For this situation I prefer ANSI outer join notation instead of plus notation

SELECT a.x,b.x FROM a right outer join b on (a.x=b.x AND a.x=2)

Also look at the next example for get some ideas

create table aa (x varchar2(10));
create table bb (x varchar2(10));

insert into aa values (‘qwe’);
insert into aa values (‘asd’);

insert into bb values (‘a’);
insert into bb values (‘z’);

I want something like substr(aa.x,1,1)(+)=bb.x

First
SELECT aa.x,bb.x FROM aa,bb WHERE substr(aa.x,1,1)=bb.x
give
X X
———- ———-
asd a

1 rows selected

but what about value ‘z’ from bb

Second
SELECT aa.x,bb.x FROM aa,bb WHERE substr(aa.x,1,1)(+)=bb.x
give
Error starting at line 1 in command:
SELECT aa.x,bb.x FROM aa,bb WHERE substr(aa.x,1,1)(+)=bb.x
Error at Command Line:1 Column:52
Error report:
SQL Error: ORA-00936: missing expression
00936. 00000 – “missing expression”
*Cause:
*Action:

Third
SELECT aa.x,bb.x FROM aa right outer join bb on (substr(aa.x,1,1)=bb.x)
give
X X
———- ———-
asd a
z

2 rows selected

So ….. “Food for thought”

Many thanks,
Alex

• Bobby says:

Pretty cool. I vaguely remember that there is more you can do with the ANSI syntax than the old (+) way but I’ve forgotten the details. This seems like a good example – using a function in the outer join condition. I know I should abandon the old syntax but I’ve been resisting.

• Alex says:

gt;I’ve been resisting
i too
but we must 😉

• easy ? :

SELECT aa.x,bb.x FROM aa,bb WHERE substr(aa.x(+),1,1)=bb.x

I find the (+)-Syntax very intuitive.
Don’t like the ANSI-style ( never can remember where left and right are 🙂
Only use it for full outer joins

• Bobby says:

• Oracle syntax is easy – you put the plus on the table where you’re adding a blank row that matches anything.

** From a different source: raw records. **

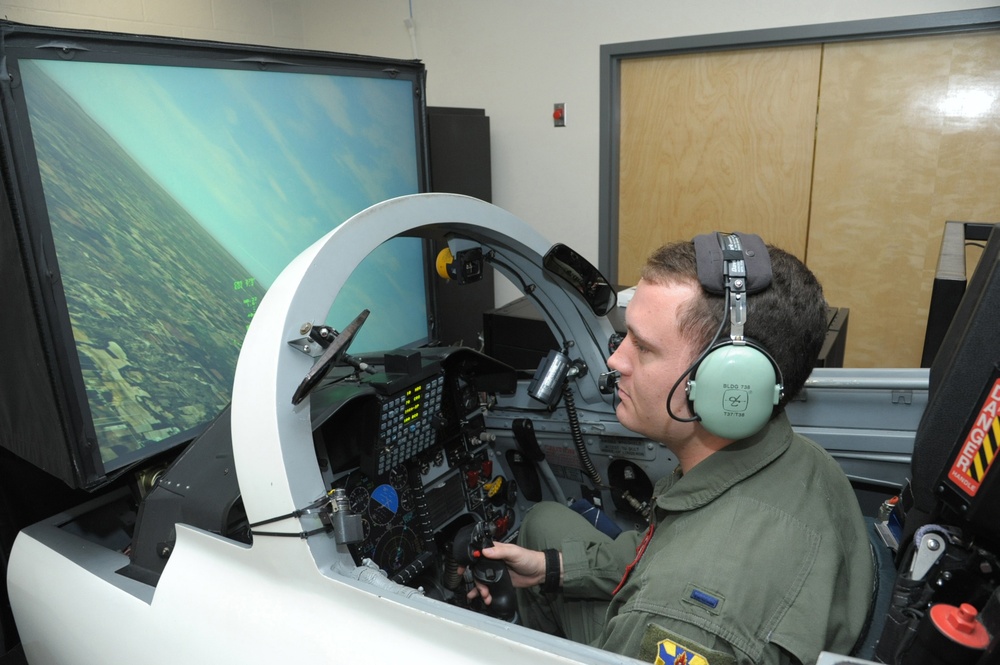 435th Fighter Training Squadron train on T-38 aircraft Simulators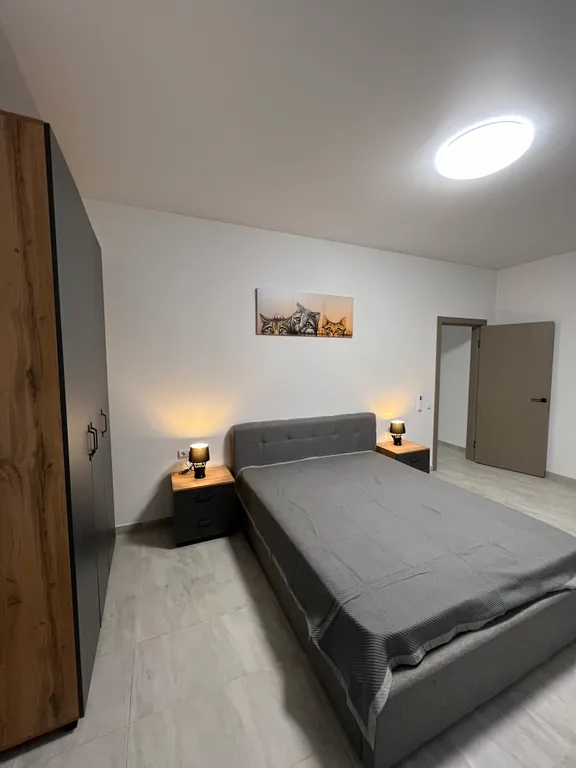 Дом с бассейном и с видом на море и горы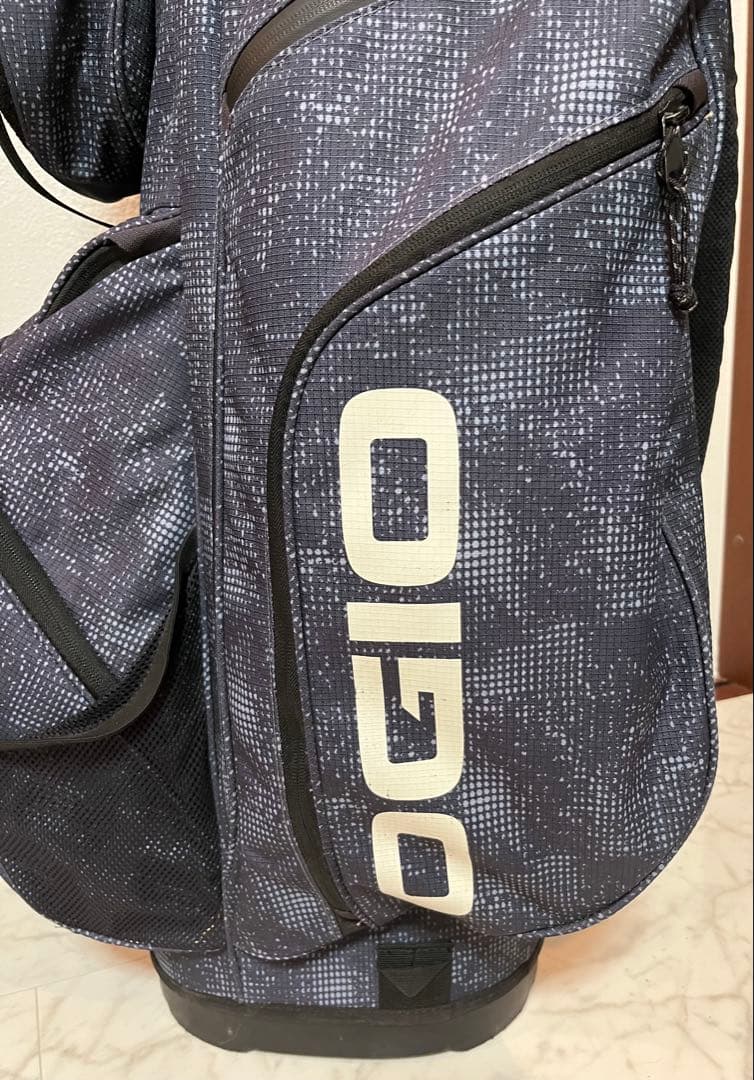 OGIO 14分割 キャディバッグ ネイビー、INNOVATIONフードカバー付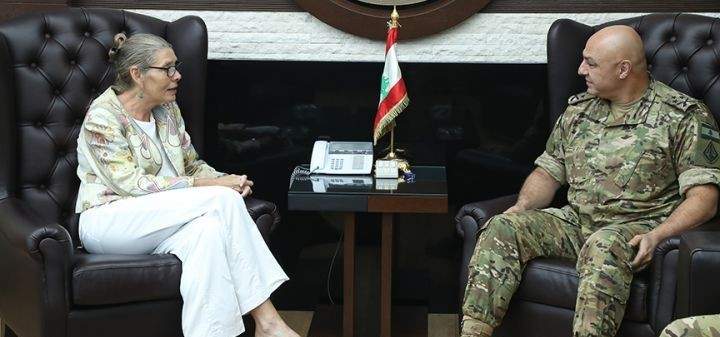 قائد الجيش التقى مفتي بعلبك الهرمل وعرض الاوضاع مع كارديل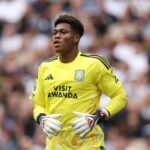 好セーブ連発のGK鈴木彩艶、チーム最高評価に「クリーンシートに値する活躍」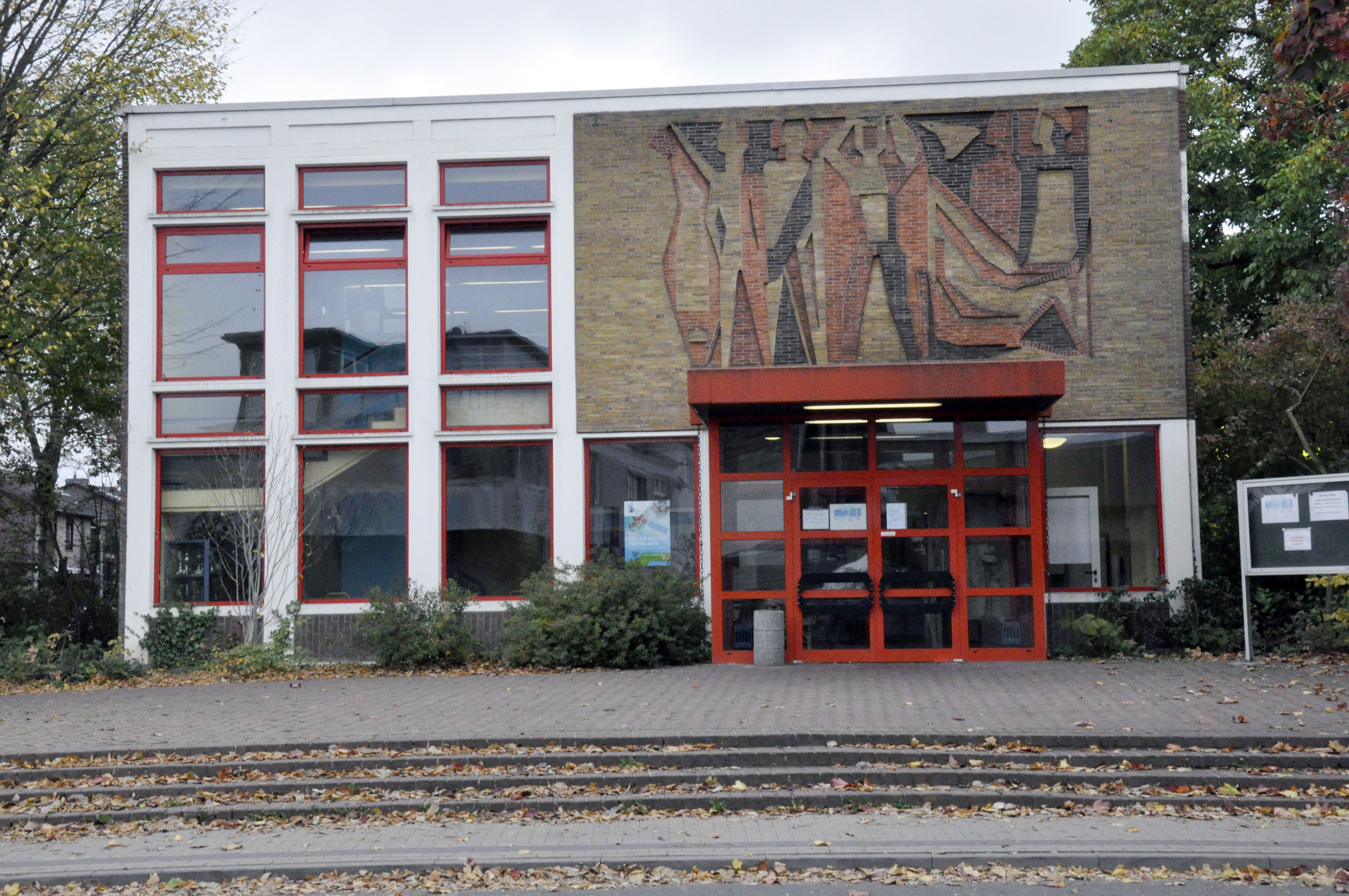 Über dem Haupteingang des Hallenbades begrüßt ein Backsteinrelief die eintretenden Schwimmer.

ANSI syntax is counter-intuitive – you say LEFT outer if the right hand table is missing a row, and RIGHT outer if the left hand table is missing a row.

(At least, that’s my excuse for thinking Oracle is easier to remember than ANSI.)

😉

• Seriously, though, wouldn’t it have been easier if the terminology were:

“left preserved” join, “right preserved” join and “full(y) preserved” join.

• Bobby says:

Jonathan,

Thanks for your comments. I have to think about it every time I see an outer join – either ANSI or Oracle. Kind of like “its” or “it’s” – sadly, I have to stop and think if I have it right.

– Bobby

2. Kyle Hailey says:

Good stuff.
Glad I’m not the only one having a hard time remembering the outer join syntax.
My notes and graphics are here

• Bobby says:

Kyle,

Thanks for your comment and the link with the helpful illustrations of the different types of outer joins.

– Bobby

• Kyle,

good stuff, but there are missing examples for “partition outer join” and “cross apply”

Best regards,
Sayan Malakshinov

3. Maybe anti-join can help to remember:

select a.x from a,b where a.x=b.x(+) and b.x is null


is equal to

select * from a where not exists
(select '+' from b where a.x=b.x)


Best regards,
Sayan Malakshinov

• Bobby says:

Thanks for your comment. I edited the tags to work with this blog software’s comment formatting.

4. Utkarsh Shukla says:

===================================== To display Class,Group,Subgroup using UNION ALL==============================

select distinct x.vc_reason_desc,x.vc_group_desc,x.vc_sub_group_desc from(SELECT
r.vc_reason_desc,g.vc_group_desc,s.vc_sub_group_desc
from mst_reason r,mst_group g,mst_sub_group s
where r.vc_comp_code=g.vc_comp_code
AND r.vc_reason_code=g.vc_reason_code
AND g.vc_comp_code=s.vc_comp_code
AND g.vc_group_code=s.vc_group_code
UNION ALL
select r.vc_reason_desc,g.vc_group_desc,to_char(null) vc_sub_group_desc
from mst_reason r,mst_group g
where r.vc_comp_code=g.vc_comp_code
AND r.vc_reason_code=g.vc_reason_code
union all
select r.vc_reason_desc ,to_char(null) vc_group_desc,to_char(null) vc_sub_group_desc
from mst_reason r) x

==============================================AND Same COde using Join===========================================
select r.vc_reason_desc,g.vc_group_desc, s.vc_sub_group_desc
from mst_reason r,mst_group g,mst_sub_group s
where r.vc_comp_code=g.vc_comp_code(+)
AND r.vc_reason_code=g.vc_reason_code(+)
AND g.vc_comp_code=s.vc_comp_code(+)
AND g.vc_group_code=s.vc_group_code(+)

I have doubt in union all code. Both the codes are not giving same output.